CRM2: A New Age of Enlightenment for Investors?
Imagine a time when everyday citizens were oppressed and deceived by a select few institutions of authority. They were told how to think, how to act, and what was best for them. But after years of suffering, new ideas began to emerge based on science, reason, and scepticism that challenged authority and helped reform society. These ideas and beliefs spread quickly, cultivated by an increase in literacy and a departure from solely institution-based writings of the past.
Unlike the citizens of 17th-century Western Europe, Canadian investors have yet to experience their Age of Enlightenment. The financial services industry pushes its doctrine – expensive mutual funds – down investors’ throats by using salespeople masquerading as financial advisors to sell products that are “suitable” but may not be in the best interest of their clients.
Canadians pay the highest mutual fund fees in the world – costs that are hidden and rolled up into a percentage that many investors simply don’t understand.

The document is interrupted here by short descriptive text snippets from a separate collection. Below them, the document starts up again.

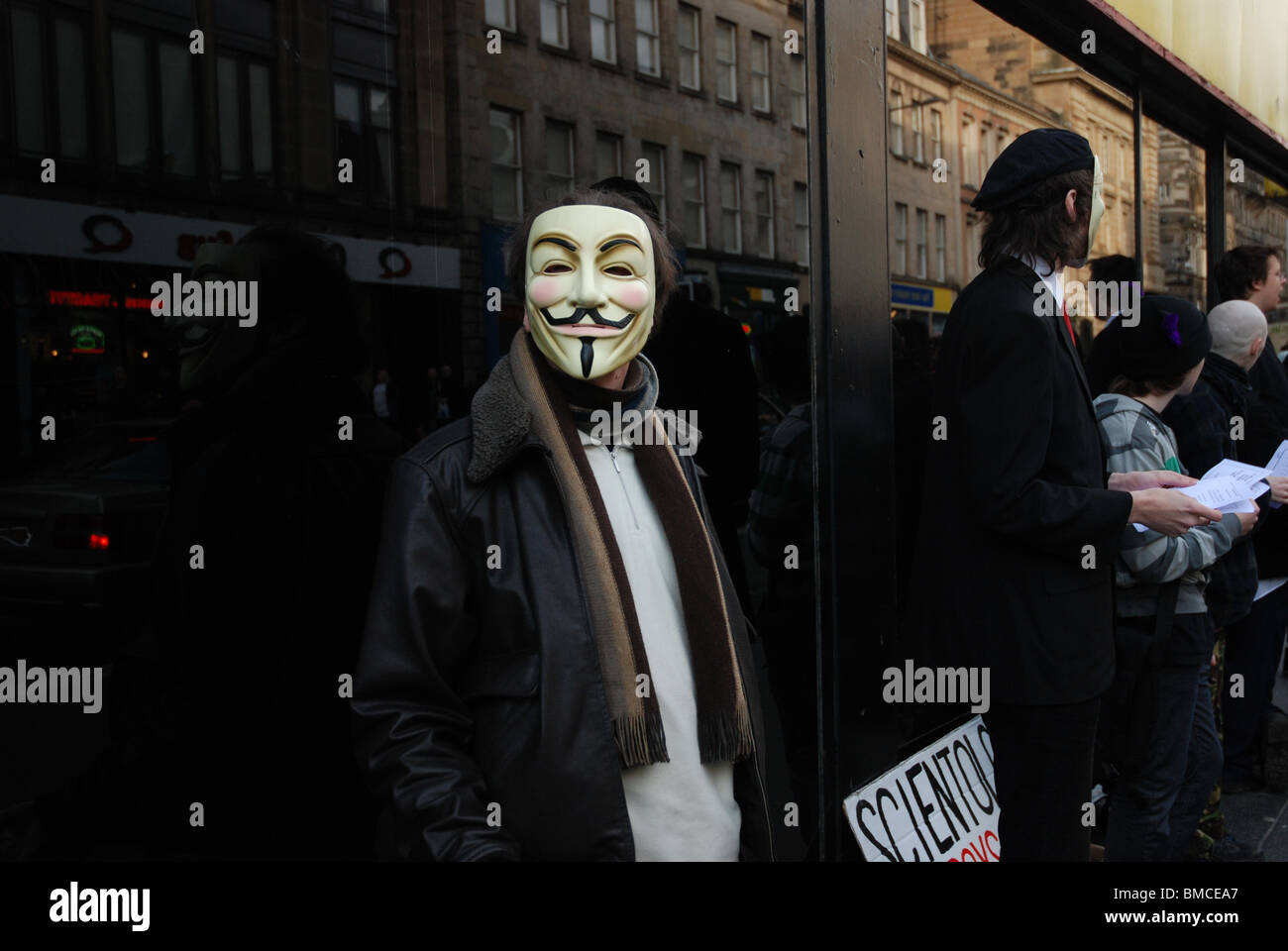 Manifestant Anti Scientologie portant un masque en v Banque D'Images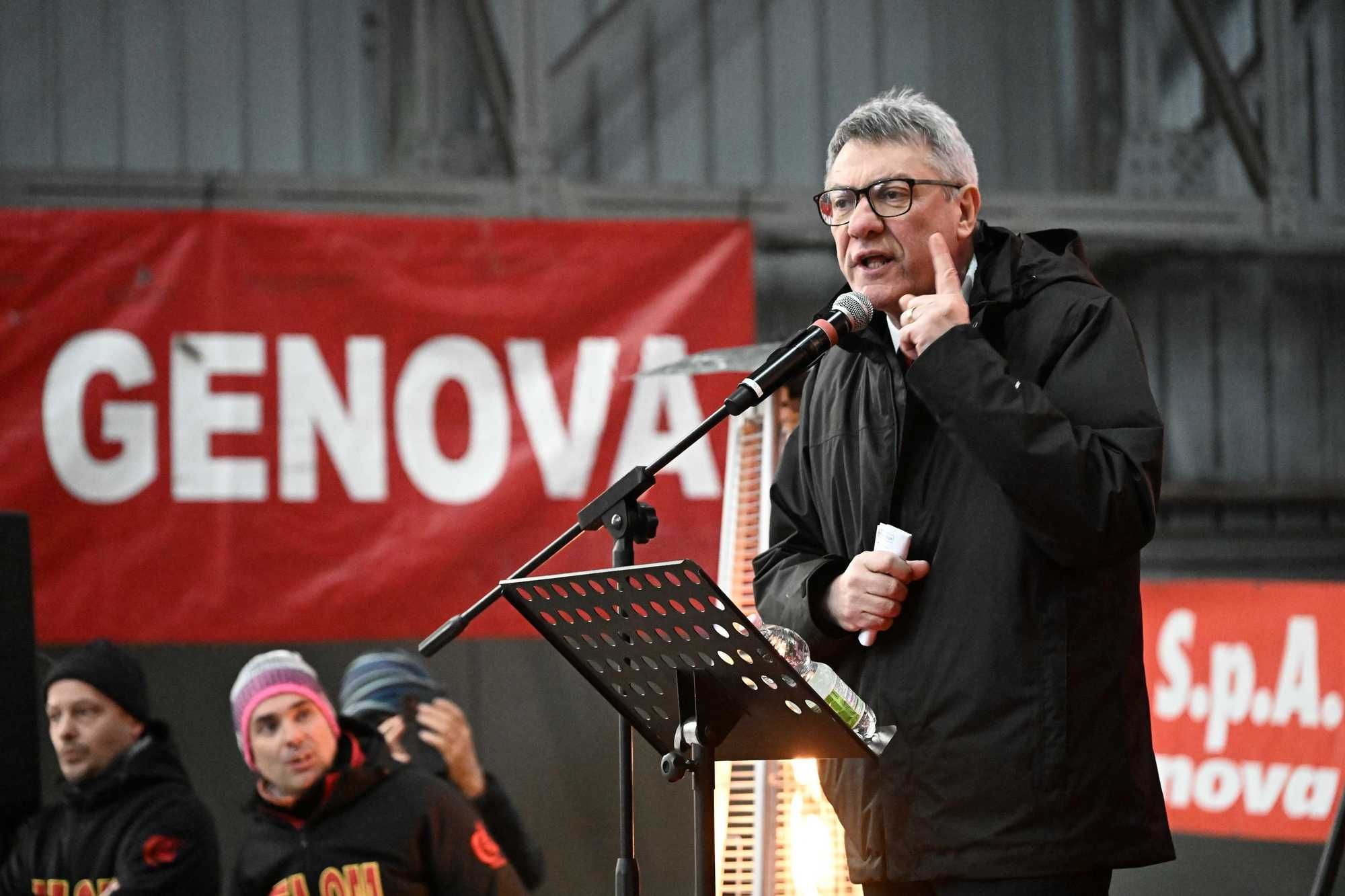 Strategia Landini: farsi precettare per «vendere» l’allarme democratico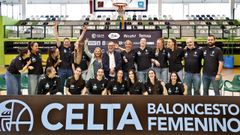 La plantilla del Celta, posando al completo, est� convencida de sus opciones de ascenso a la �lite.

The average investor spends just an hour or two a year with their advisor and is unaware that an advisor is not required to act in their best interest. Investors don’t hear about lower cost funds, index funds, or ETFs, nor have they ever received an account statement that shows how their portfolio was doing – an annual rate of return that’s compared against an appropriate benchmark. They don’t even know how their advisor is paid.
But the tide may finally be turning. Effective July 15, 2016, new disclosure requirements will shed light on fees and performance through a regulatory initiative known as Client Relationship Model, phase 2 – or CRM2.
The impact of CRM2 means that, for the first time, retail investors will begin to understand exactly how their investments are doing and exactly how much they are paying.
Related: Are investors willing to pay up-front for advice?
Investors will receive two new annual documents. The first is a report that shows investment returns for the previous year, the past three-, five and ten-year periods, and since the account was opened. The second report will disclose fees and other charges – itemizing the cost of everything from embedded trailer commissions, to redemption fees, switch fees, and RRSP administration fees, and provide a total dollar figure for the year.
How might an investor react to these new statements? Consider this hypothetical account of an ordinary investor named Marci when she opens up her account statement next December:
“That 2.18 percent MER didn’t sound like a lot at the time, but Marci was shocked to discover that the fees on her $80,000 RRSP account added up to $1,744 this year. Of that, $800 went to Marci’s advisor, Bill, which was odd because she thought Bill’s advice came free.”
Bill had always explained how well her fund has performed over the years, returning an impressive 7.33 percent annually over the last three years. But it turns out that Marci’s “Green Bank Canadian equity fund” actually trailed its benchmark by 2.68 percent over that three-year period.”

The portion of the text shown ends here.